I will start with a preamble: My argument is based on certain assumptions which I try to make clear. Because of this, my findings are neither complete nor absolute as they describe a view from a particular vantage point. On this assumption, no single argument can describe reality, if at all. What is more, to discuss anything properly, we need to present our assumptions.
Regarding "The reasoning I have gone on is a top-down process where groups are dynamic and not the perpetual present, and individuality, or its apparent form, is an aspect of the group."
You describe your view as that of top-down, suggesting at least two scales/levels: the social group and the individual. This raises questions such as:
1) How do we (human individuals) know that there are groups and other individuals? I hope that we all agree that we are aware of all this through our sensations and that these sensory systems are located in the human body.
2) What is the body and what is the group? To answer this, one needs to describe the relationship between the two either as a (multilevel) hierarchy or as a (single scale) collection.
Could you elaborate your position and assumptions on which it is based?
I would like to throw in my little two cents' worth, (or less possibly). Can't it be that humans just are social animals, like bees, horses, wolves and all of these in nature, and yes, as any organism which consists of more than one cell, in which at least two cells agree to cooperate and differentiate their function? There was some work in tying biology to game theory some years ago by Ken Binmore, Samir Okasha and Christopher Clarke at the University of Bristol. I think it was a live debate within biology (what is the individual, for example in a big forest full of cloned trees - apologies for my rusty references, i've been away from academia for a while) after they moved on from the selfish gene and Dawkin's theories.
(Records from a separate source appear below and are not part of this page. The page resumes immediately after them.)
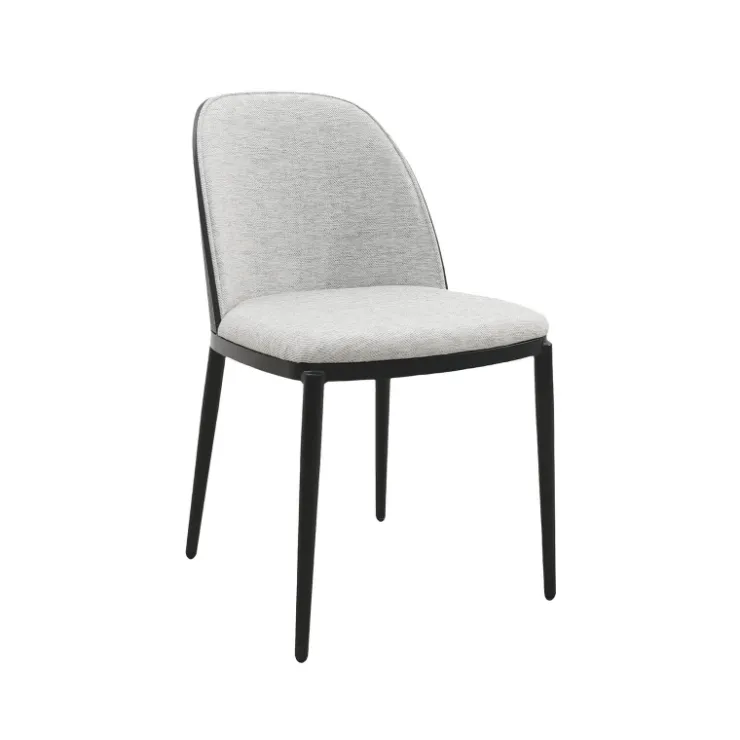 Chaise De Salle à Manger*SimoneChaise bimatière en tissu dossier bois avec pieds en métal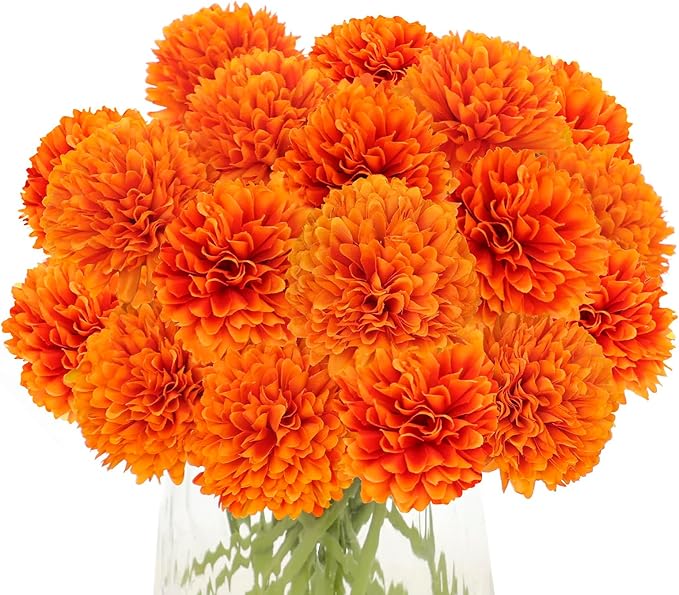 Kimura's Cabin 20Pcs Orange Fake Mums Flowers Artificial Silk Chrysanthemums Faux Ball Flower for Wedding Arrangement Fall Bouquets Home Table Decoration Halloween Thanksgiving Decor(Orange)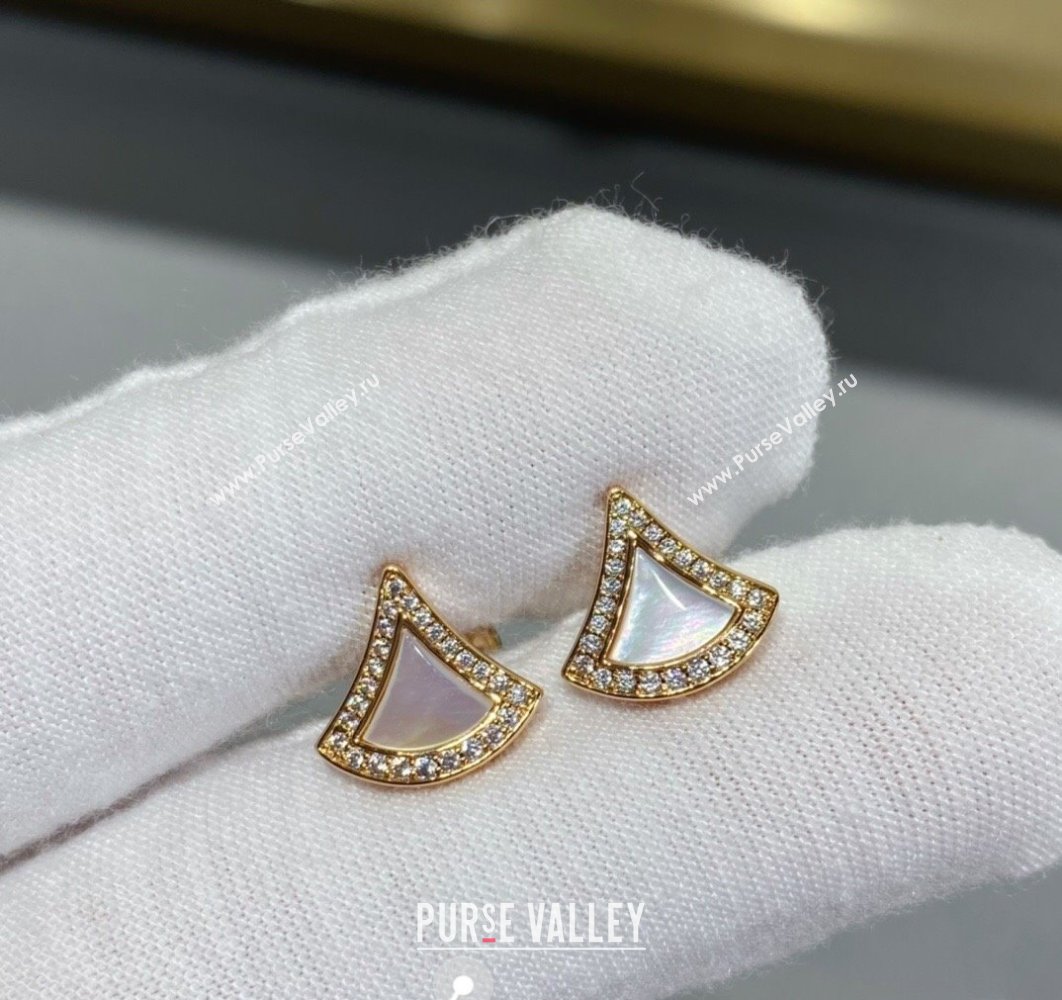 Bvlgari Divas Dream Mini Stud Earrings in 18 kt rose gold set with Strass White 2025 0114 (YF-250114071)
As an addendum, yes, I'd add that it's possible that despite it being quite powerful characteristic of what are labeled as 'western societies', the homo economicus is both a relatively recent invention and perhaps a quite obsolete one, perhaps even in economics.
Haris, some of which you write can b agreed with and more work has already been done by others on here. The tree notion is interesting as it provides understanding of colonies of plants that communicate, just not in human ways. We need to investigate every example, and compare equally and maybe be less human and brain centred for genuine understanding.
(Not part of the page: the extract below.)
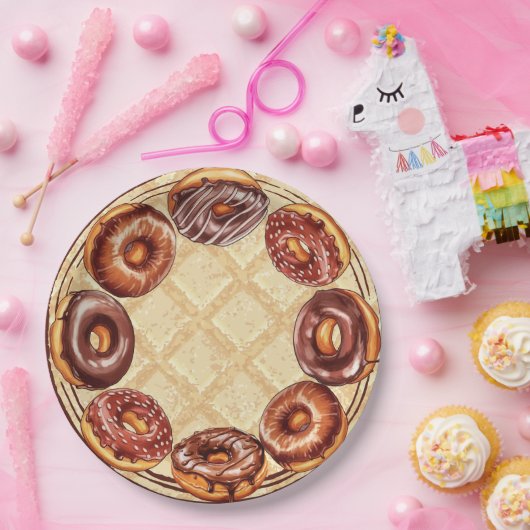 Chocolade lover's papier bord, Chocolade donut Papieren Bordje (Feest)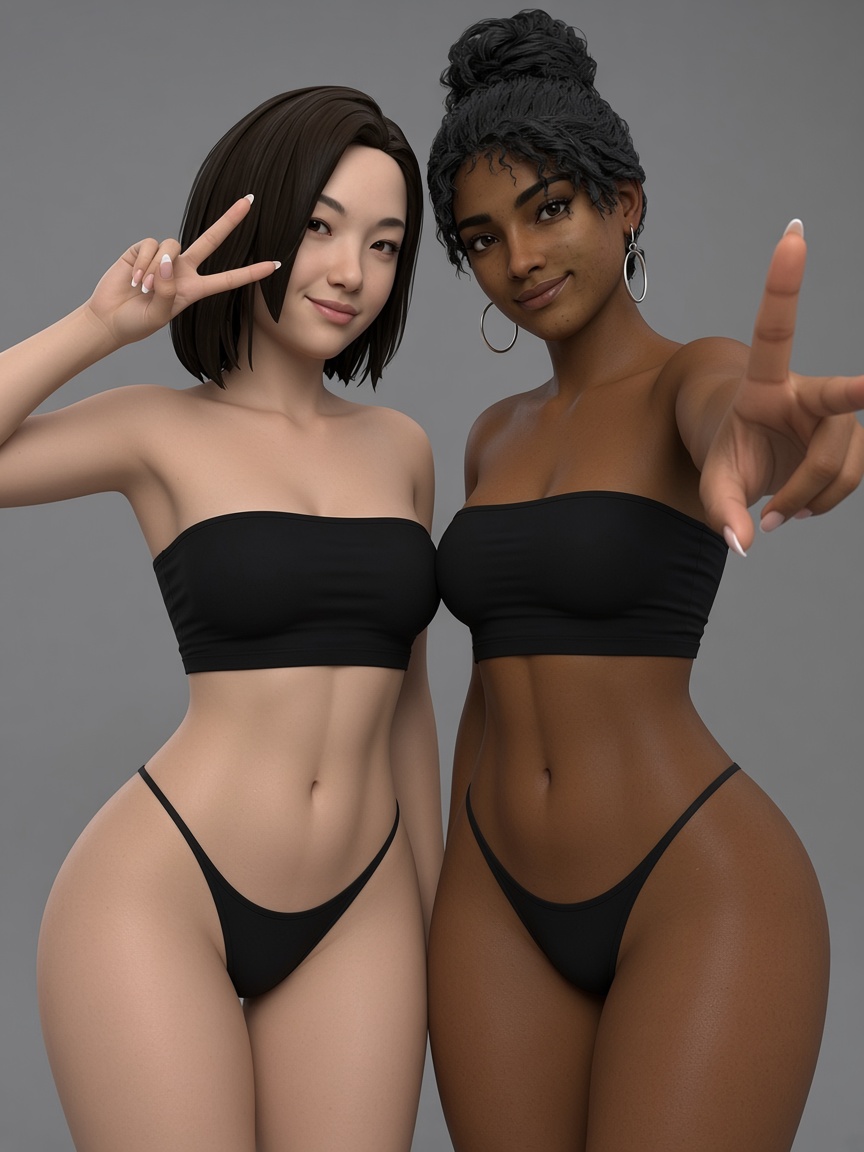 2026, 2girl, 2girls, 3d, 3duk, ai assisted, asian, asian female, bikini, black hair, breasts, clementine (the walking dead), crossover, curvy, dark skin, dark-skinned female, female, female focus, female only, girl, girl only, human, life is strange, life is strange 2, lyla park, medium breasts, only female, only girl, sling bikini, tagme, teen, teen female, teen girl, teenage, teenage female, teenage girl, teenager, telltale, telltale games, the walking dead, the walking dead (series), the walking dead (telltale), the walking dead game, thighs, toned, toned female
Dear Stanley Wilkin , apologies if i sounded a bit too simplistic, i admit that I'm a bit of a dilletante :-)
As for being less human and brain-centred for genuine understanding however, isn't that a bit of a paradox, as our genuine understanding will have to be mediated only (ie centred) on our human brains? :)
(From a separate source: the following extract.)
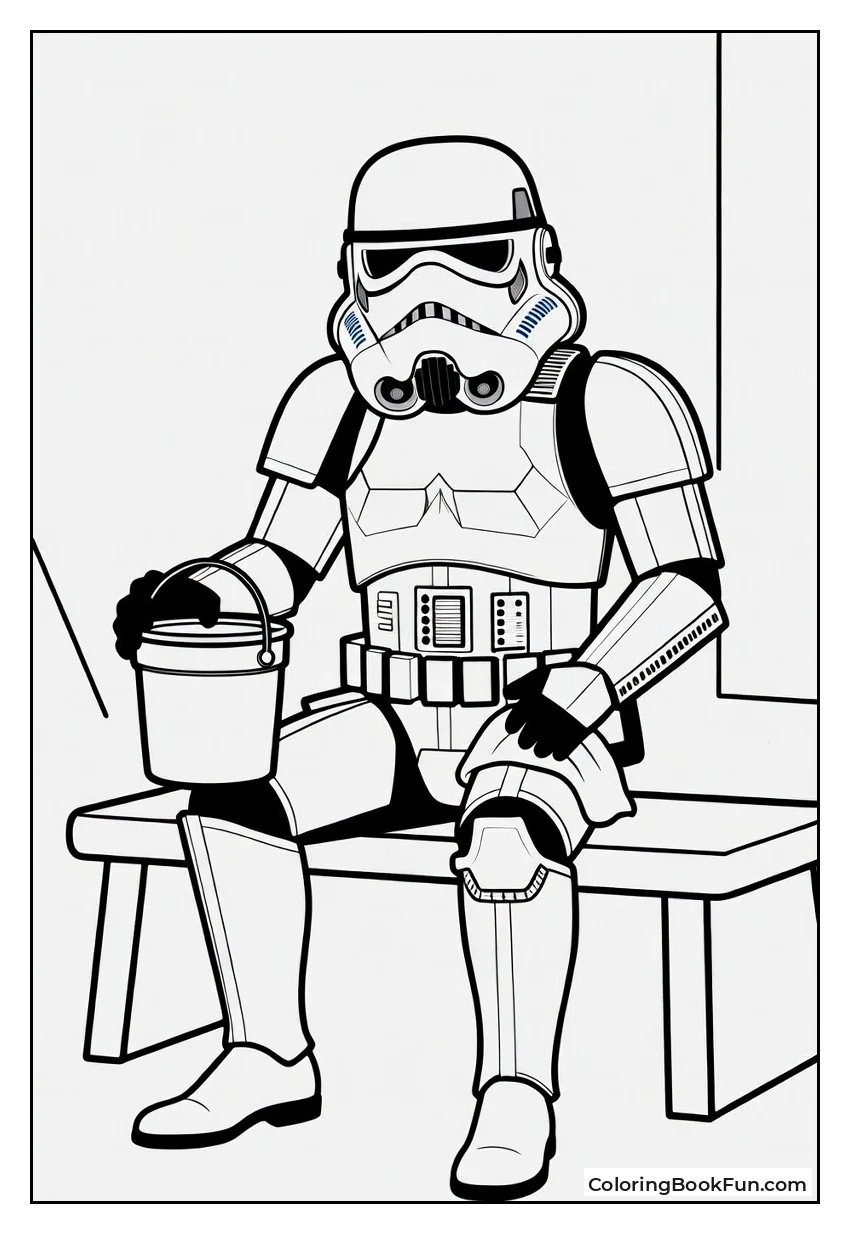 Stormtrooper Polishes Leg Armor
This has gone beyond this. At least on here and of course elsewhere. Nevertheless, these matters need repeating as the Descartes model is alive and kicking in psychiatry and Neurology, two of the worst pseudo-sciences of our time.
The complexity of the human consciousness, especially its engagement with the environment, is lost and is translated by the interplay of dopamine in the brain. A silly reductionism, all our capacities are reduced to often one chemical and every other aspect of the universe has no existence. An idea of such arrogance and implausibility it is of course widely accepted.